RECORDS PROVIDED »
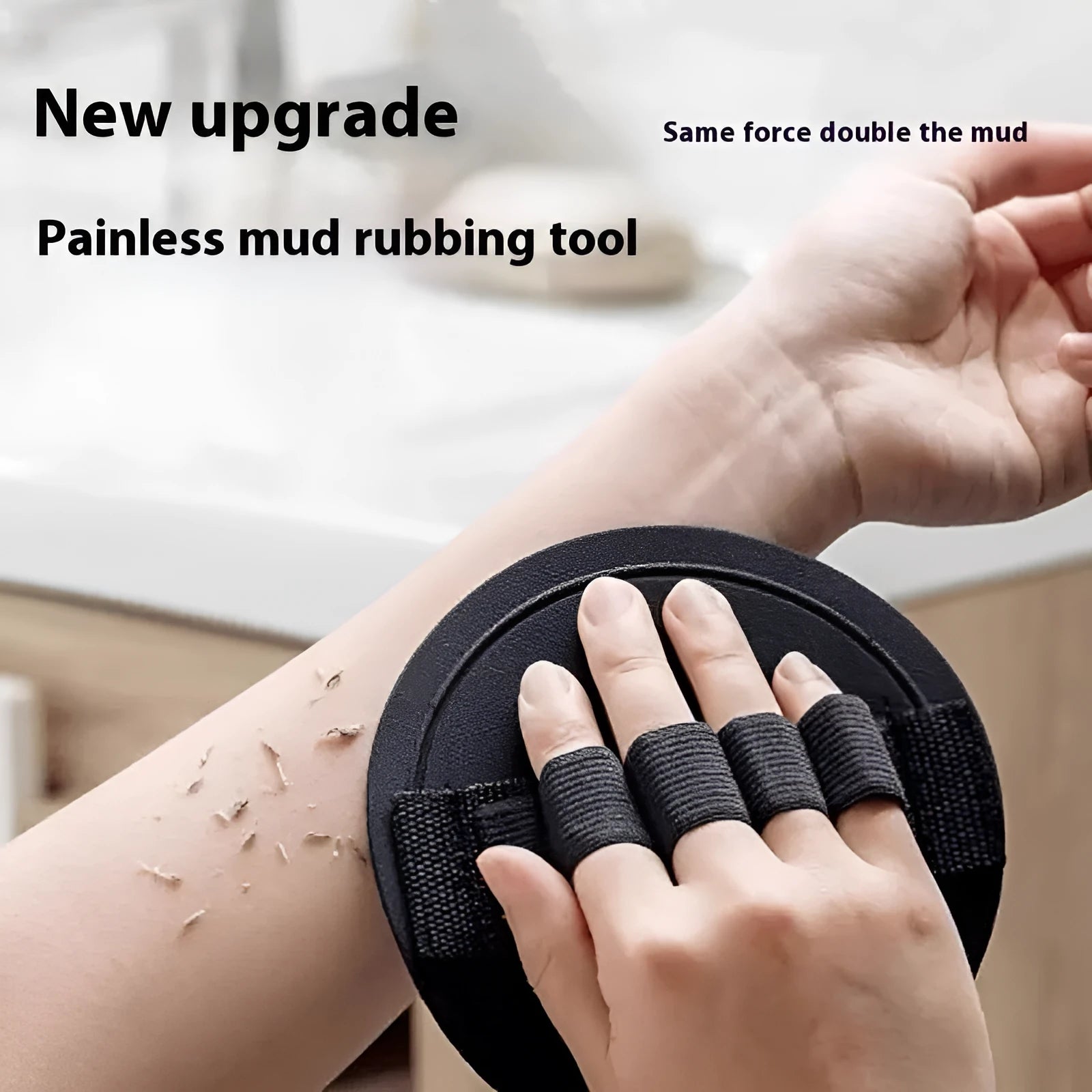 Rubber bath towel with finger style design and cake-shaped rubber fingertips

* * *

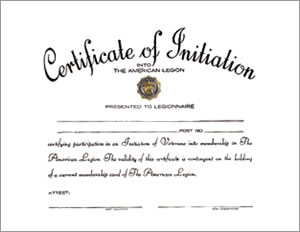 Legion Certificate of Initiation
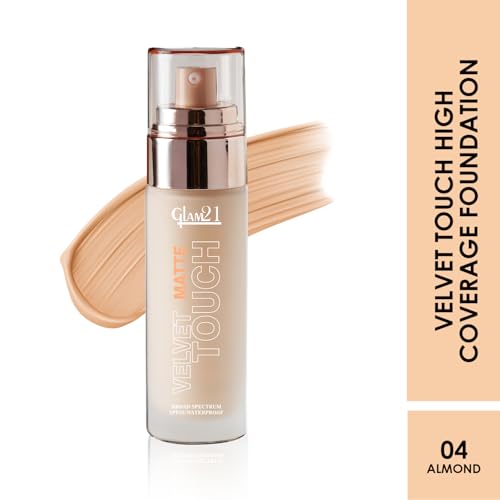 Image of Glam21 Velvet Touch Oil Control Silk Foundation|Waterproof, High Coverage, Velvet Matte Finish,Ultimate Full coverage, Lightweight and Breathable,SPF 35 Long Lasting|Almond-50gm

TASK GOAL »
All pictures are to be skipped. Output, word for word, the lines in the data above starting at the line containing "Legion Certificate of Initiation" and ending at the line containing "Image of Glam21".

EXERCISE ANSWER »
 Legion Certificate of Initiation
 Image of Glam21 Velvet Touch Oil Control Silk Foundation|Waterproof, High Coverage, Velvet Matte Finish,Ultimate Full coverage, Lightweight and Breathable,SPF 35 Long Lasting|Almond-50gm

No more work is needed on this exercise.